• WHAT YOU SHOULD DO:
The required output holds only the lines from the one containing "Nike ACG Pegasus" through the end of the material below, copied exactly, please, with no pictures.

• RECORDS FOR THE TASK:
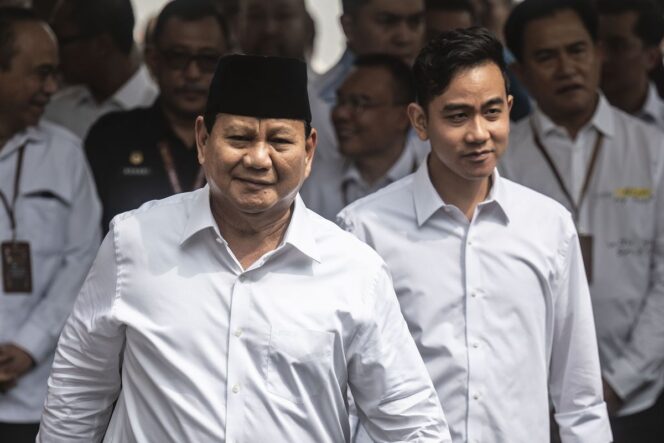 
 1 Tahun Pemerintahan Prabowo-Gibran Jelang 1 Tahun Prabowo-Gibran, Istana: Banyak Prestasi, tetapi Ada yang Harus Diperbaiki 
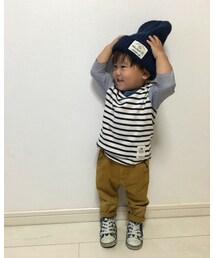 maison de bois | チノパンツ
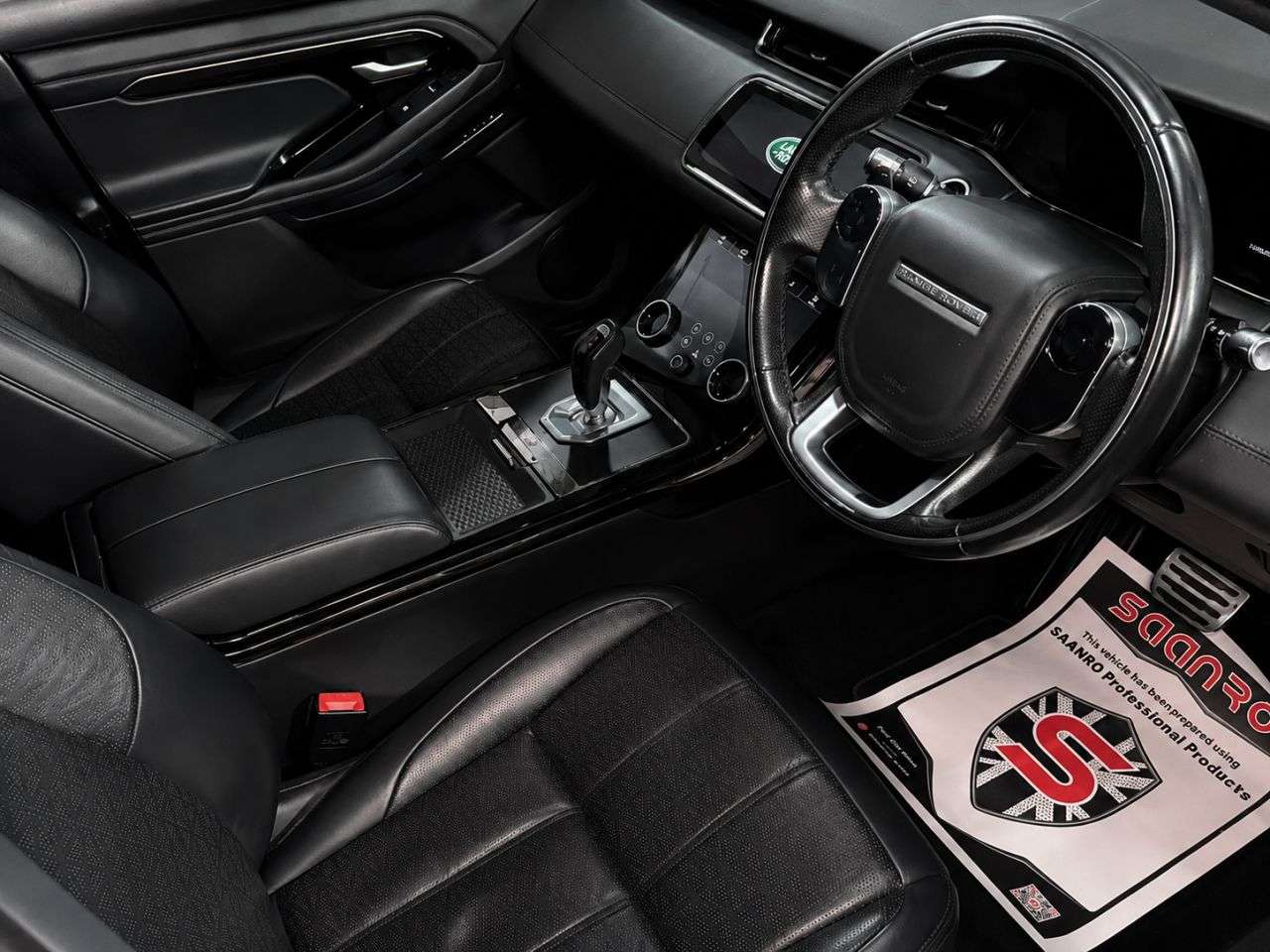2020 LAND ROVER RANGE ROVER EVOQUE 2020 LAND ROVER RANGE ROVER EVOQUE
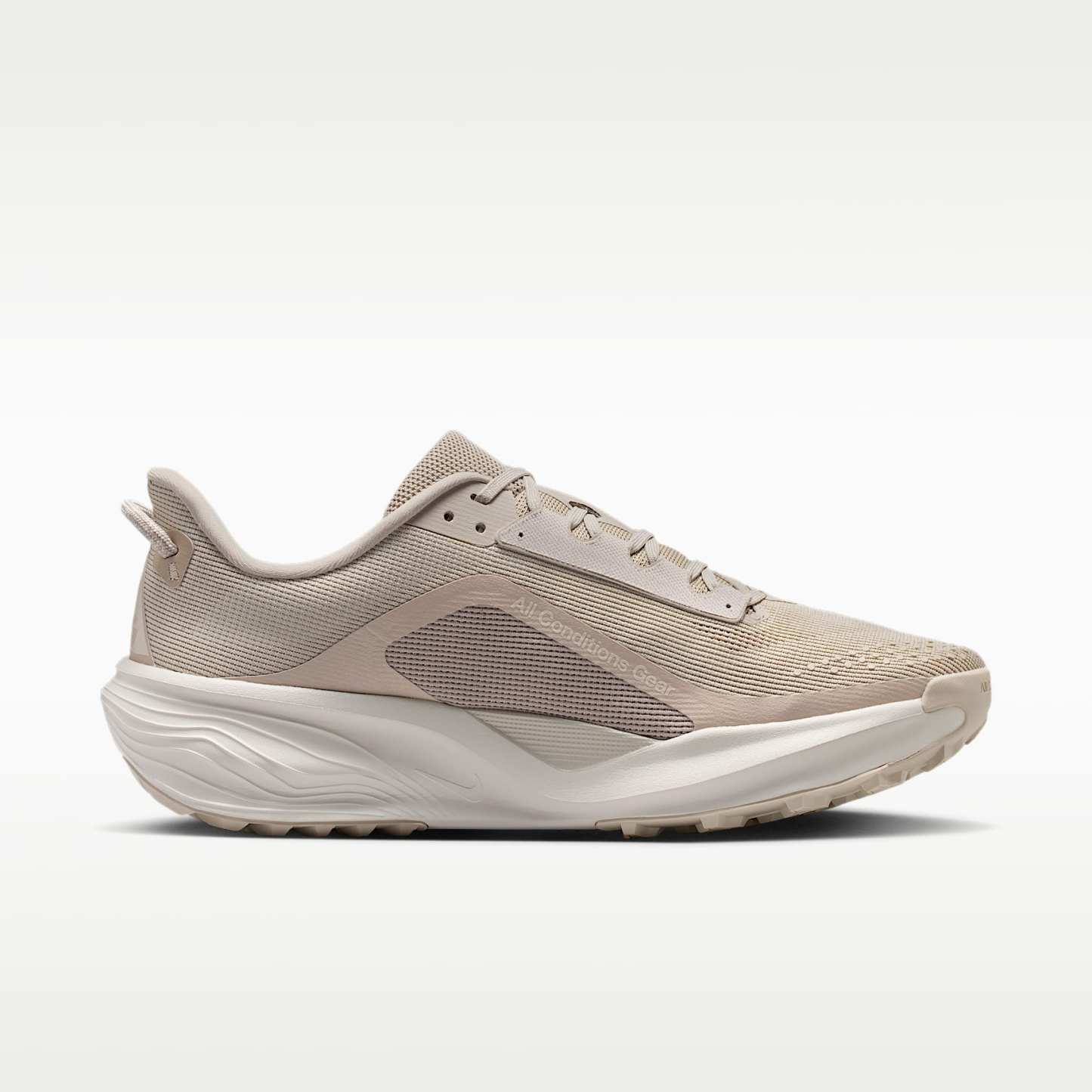 Nike ACG Pegasus Trail Traillaufschuh (Herren) – Cream II/Light Orewood Brown/Safety Orange/Cream II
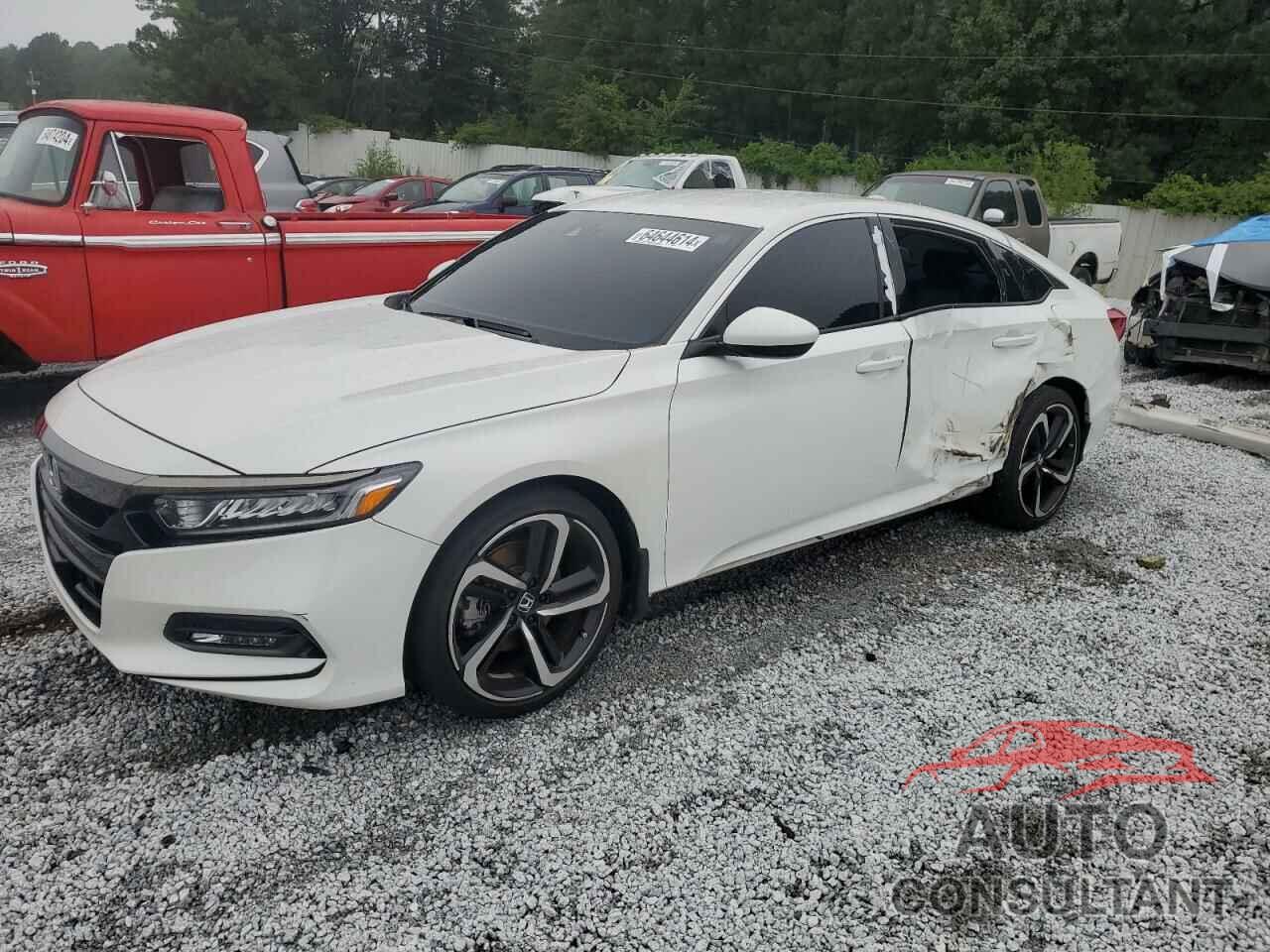 HONDA ACCORD 2020 - 1HGCV1F33LA151582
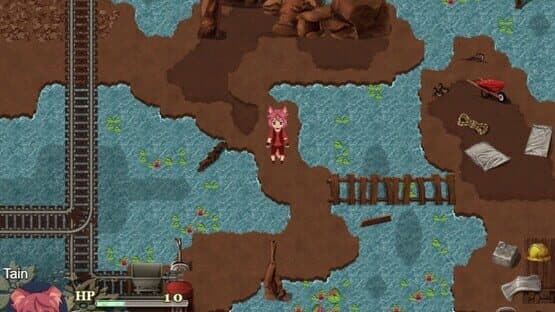 Pixel Boy: The Legend of Tain — screenshot 4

• ANSWER BOX:
 Nike ACG Pegasus Trail Traillaufschuh (Herren) – Cream II/Light Orewood Brown/Safety Orange/Cream II
 HONDA ACCORD 2020 - 1HGCV1F33LA151582
 Pixel Boy: The Legend of Tain — screenshot 4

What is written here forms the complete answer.